A former Corinth police officer running as an independent will be on the ballot this fall as a challenger to Saratoga County Sheriff James D. Bowen Sr.
Jason Longton Jr. of Greenfield is running against the longtime Republican incumbent on the Stop Corruption party line and will be the only challenger Bowen will face this fall.
Undersheriff Michael Woodcock had filed a general objection to Longton’s nominating petitions last week, shortly after they were submitted to the county Board of Elections.

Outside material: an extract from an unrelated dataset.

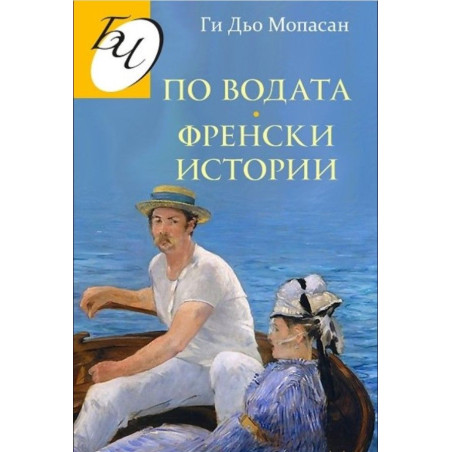 По водата. Френски истории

That filing protected Woodcock’s right to make a more specific objection, but his deadline to do so expired this week without further action.
That means that Longton will definitely appear on the Nov. 3 countywide ballot, said county Election Commissioner Diane Wade.

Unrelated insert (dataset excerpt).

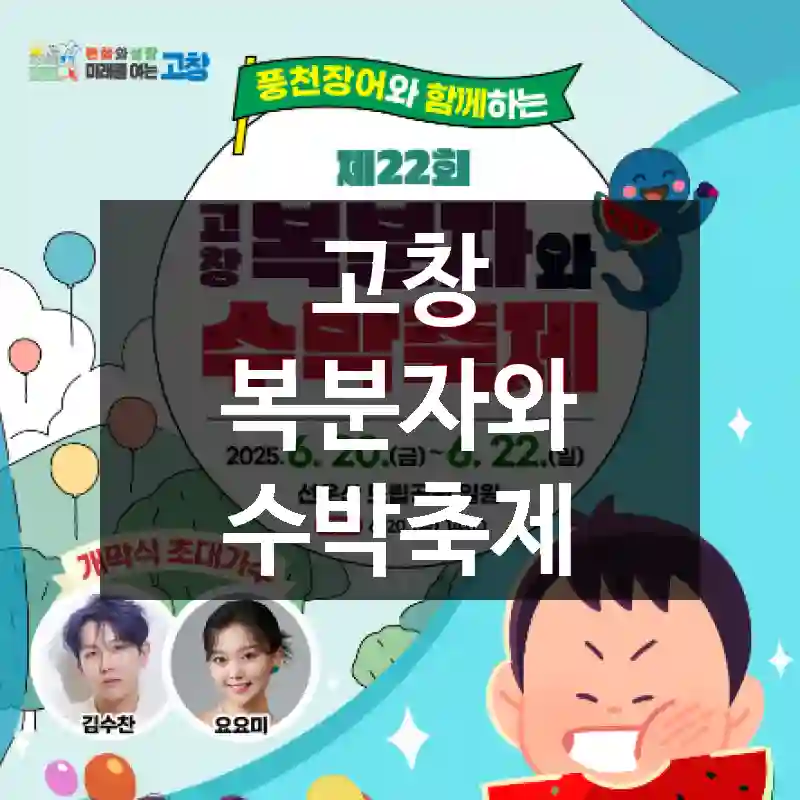 고창 복분자와 수박축제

Bowen, who was appointed by Gov. Nelson Rockefeller to fill a vacancy in 1972, is currently the longest-tenured sheriff in the state. He is seeking another four-year term.
Michael DiGioacchino of Corinth, a Schenectady County corrections officer, campaigned last winter as a Republican but was unable to get enough signatures to challenge Bowen in a primary.

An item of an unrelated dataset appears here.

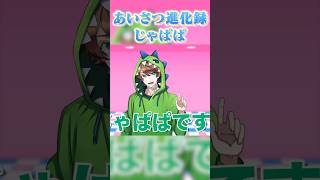 からぴち挨拶の進化『じゃぱぱ』#からぴち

Democrats did not put up a candidate for sheriff this year.
“As soon as I get the word I’m good to go, I’m going to start campaigning. I’m going to do it the old-fashioned way, a lot of shoe leather,” Longton said.
He said he plans to accept no monetary donations.
“It has to be independent,” he said. “When you accept contributions, there’s always the expectation of something in return.”
Bowen did not return a call Thursday seeking comment.
Longton currently works driving a fuel delivery truck but previously was a police officer in Saratoga Springs, Glens Falls and Corinth.
Longton was the subject of a high-profile dismissal case in which the village of Corinth fired him for insubordination in 2004 — and he has been fighting for reinstatement ever since. Most of his campaign Web site, www.jasonlongton.com, is devoted to the case.
Longton was terminated for continuing a sexual harassment investigation after being told by the Corinth police chief to stop. Longton contends that the restaurant owner he was investigating — who later committed suicide — had political connections that impeded the investigation of his allegedly inappropriate physical contact with employees.
Longton was fired on a hearing officer’s recommendation, then reinstated by a court that found that the village hadn’t kept a proper hearing record. Longton was then fired again in 2007 after a second disciplinary hearing. That firing was upheld at the appeals court level, but Longton last week filed paperwork seeking to go before the Court of Appeals, the state’s highest court.
In the meantime, the Corinth Police Department was disbanded by the village board and the Sheriff’s Department has taken over law enforcement coverage there.
The office of sheriff, which oversees a countywide law enforcement staff of more than 100 as well as the county jail and its staff, currently has a salary of $106,812.